In international law, certain basic norms (jus cogens) are accepted as peremptory norms from which no derogation is permitted. Examples include prohibitions against slavery and torture, genocide, the use of armed force and piracy on the high seas and racial non-discrimination.

Similarly, are there basic norms from which a democracy such as Sri Lanka cannot derogate? Can a tyrannous majority adopt any constitution? Would the Supreme Court have the power to examine a Bill for the amendment of the Constitution or a new Constitution, certified by the Cabinet of Ministers as one that requires the People’s approval at a referendum, if certain basic democratic norms are alleged to be violated? Such questions may seem academic at first blush, but given experiences from elsewhere, should they be brushed aside?

When freedom from torture is recognised as a peremptory norm that binds the international community, can the People of Sri Lanka restrict its application within the country, invoking their sovereignty? Put differently, are there no limits to the internal dimension of sovereignty?

The Lawyers Collective recently raised the pertinent question of whether the amending process is also governed by the principle of ‘constitutional morality’, a concept which has recently gained wide acceptance in India.

Simply put, constitutional morality demands that the spirit of the Constitution be respected and should not be undermined even at the behest of the majority. It is thus a counterpoise to popular or social morality that can sometimes be undemocratic and violative of rights.

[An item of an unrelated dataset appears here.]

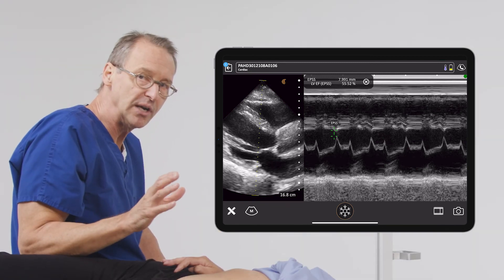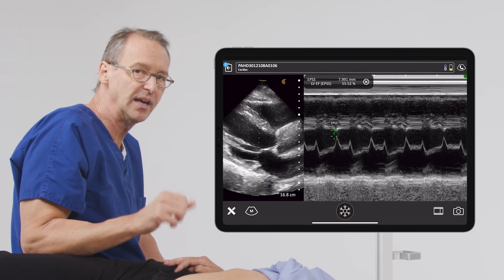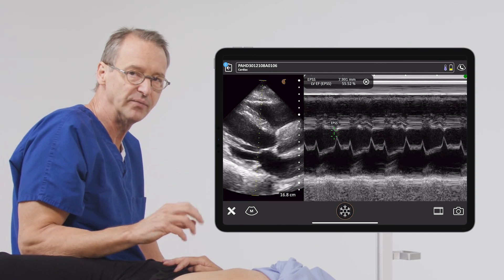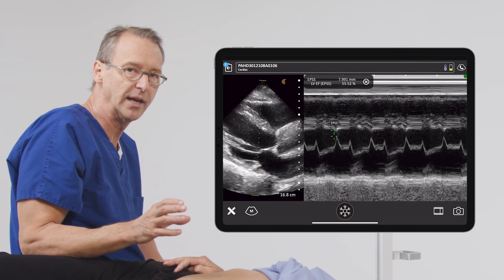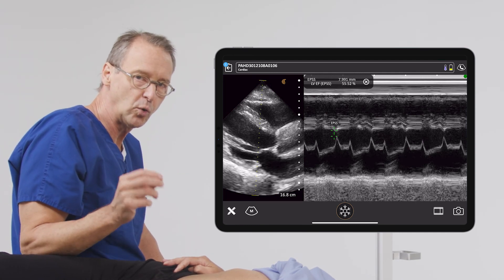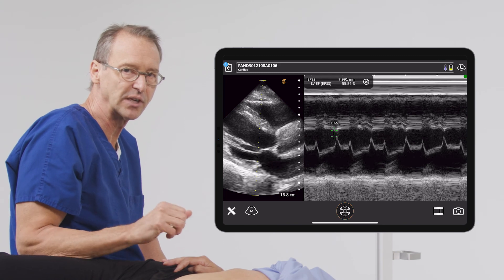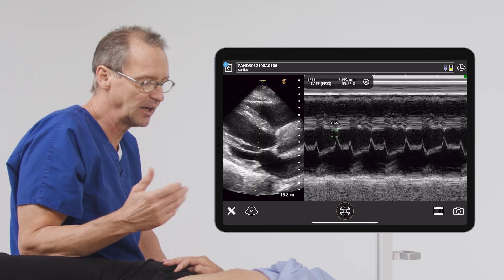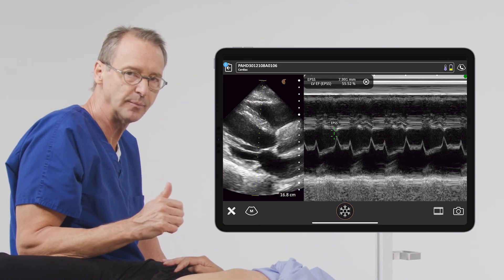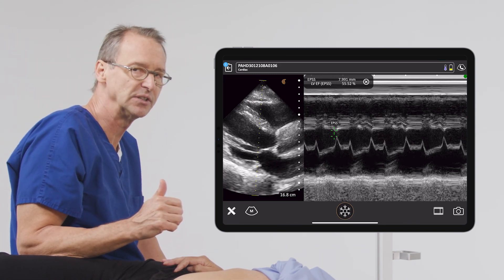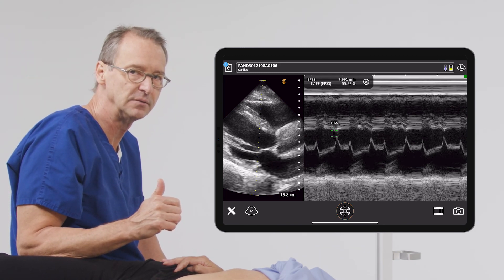In summary, EPSS is a very quick way to quantitatively assess left ventricular function and can be used in a number of different situations at the bedside.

In Navtej Singh Johar v. Union of India, the Indian Supreme Court observed as follows: “The concept of constitutional morality is not limited to the mere observance of the core principles of constitutionalism as the magnitude and sweep of constitutional morality is not confined to the provisions and literal text which a Constitution contains, rather it embraces within itself virtues of a wide magnitude such as that of ushering a pluralistic and inclusive society, while at the same time adhering to the other principles of constitutionalism.”

The Court explained that it is further the result of embodying constitutional morality that the values of constitutionalism trickle down and percolate through the apparatus of the State for the betterment of each and every individual citizen of the State.

“The society as a whole or even a minuscule part of the society may aspire and prefer different things for themselves. They are perfectly competent to have such a freedom to be different, like different things, so on and so forth, provided that their different tastes and liking remain within their legal framework and neither violates any statute nor results in the abridgement of fundamental rights of any other citizen. The Preambular goals of our Constitution which contain the noble objectives of Justice, Liberty, Equality and Fraternity can only be achieved through the commitment and loyalty of the organs of the State to the principle of constitutional morality.” (AIR 2018 SC 4321).

My view is that peremptory norms that limit the internal dimension of sovereignty are found in the Preamble to our Constitution, which refers to ‘immutable republican principles of representative democracy’ that assure to ‘all peoples freedom, equality, justice, fundamental human rights and the independence of the judiciary as the intangible heritage that guarantees the dignity and well-being of succeeding generations of the People of Sri Lanka’.

Increasing the terms of the current President and Parliament who were elected for five years goes against those ‘immutable republican principles of representative democracy.’